Identify possible partners
- Consider the needs of your project and any gaps in your ability, such as capacity or expertise.
- Identify partners to meet these gaps – define why they will be involved, what they will be committing to and how much funding they will bring to the project.
- Explain how the partnership will be managed – consultation, partnership contract, reporting systems, meetings and so on.
4 Writing the bid
- Start writing early.
- Be clear, concise and don’t repeat yourself.
- Follow application guidance closely as, for example, expanding text boxes or using the wrong font can make an application ineligible.
- Respond to the criteria, not necessarily the question.
- Make sure you understand the difference between 'outputs' and 'outcomes' as funders will want your outcomes to clearly link to their objectives or criteria.
- Think like an assessor rather than an applicant and ask yourself whether you would approve your bid.
- Use the funder’s language in your response.
- Make sure your presentation looks good and reads well – use paragraphs and tables to make it easier to read and score.
- Don’t add information that is not required.
- Use pictures, charts and diagrams wherever possible.
- Highlight key sentences in italics or bold.
- Don’t be afraid of stating the risks associated with your project. The funder will want to see that you have thought about what could go wrong and that you have a plan for how you would deal with this.
5 Supporting information
There may be a number of documents or other information that could be requested to back up your bid. So, be factual and quote from sources or refer to relevant documents. This may include background or organisational information, such as:
- local strategies
- information from relevant charities
- partners or potential partners
- consultation feedback
- reviews or annual reports
- a constitution
- promotional material.
6 Final checks
- Allow time for final checking and getting feedback well in advance of the deadline to be able to take comments on board.
- Ask for feedback from specific colleagues and partners with specialist knowledge.

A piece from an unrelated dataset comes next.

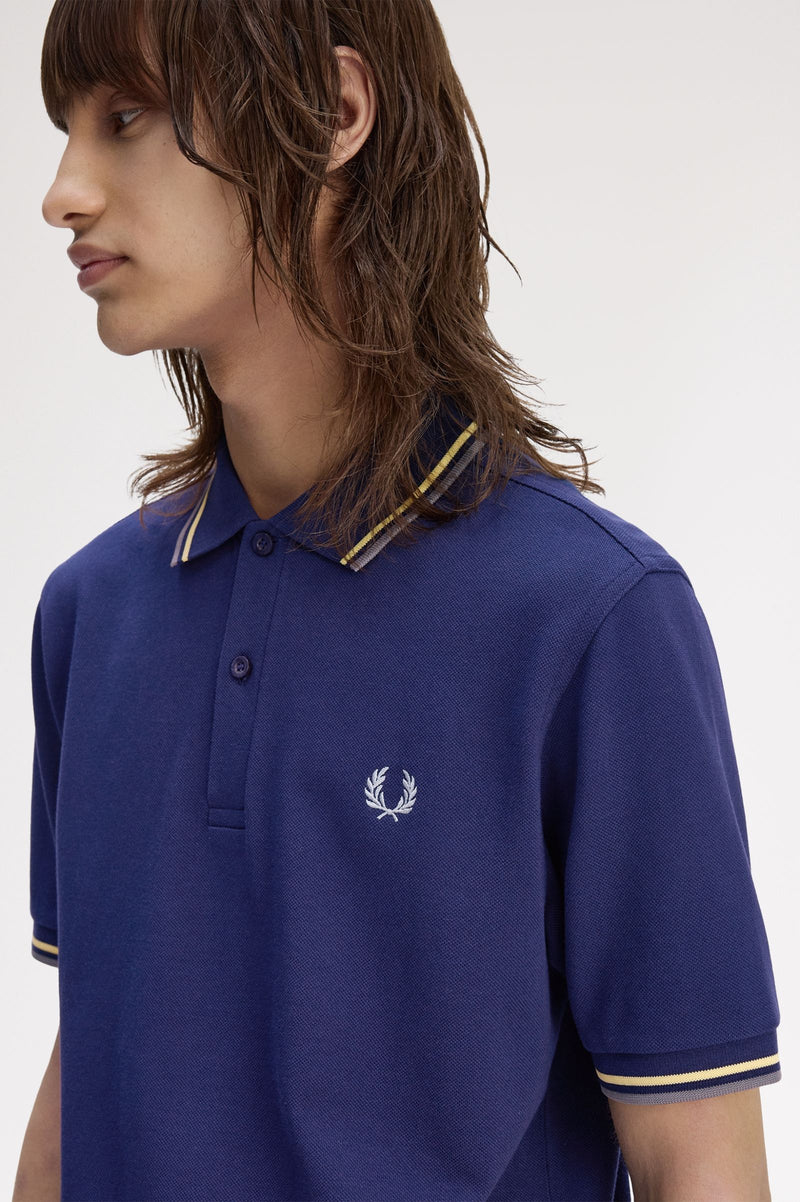 TWIN TIPPED FRED PERRY SHIRT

- Use a ‘critical friend’ to provide general objective feedback on a bid, its structure and approach.
7 Why some bids fail
Bids sometimes fail because:
- applications are ineligible or incomplete
- evidence of its need or added value is not supplied
- there is insufficient planning or budget
- your organisation has a poor track record
- not enough match funding was identified
- there was stiff competition
- the minimum standards were not met, for example, for equal opportunities
- the project may not be suitable for one-off payment if it's ongoing and there is no exit strategy.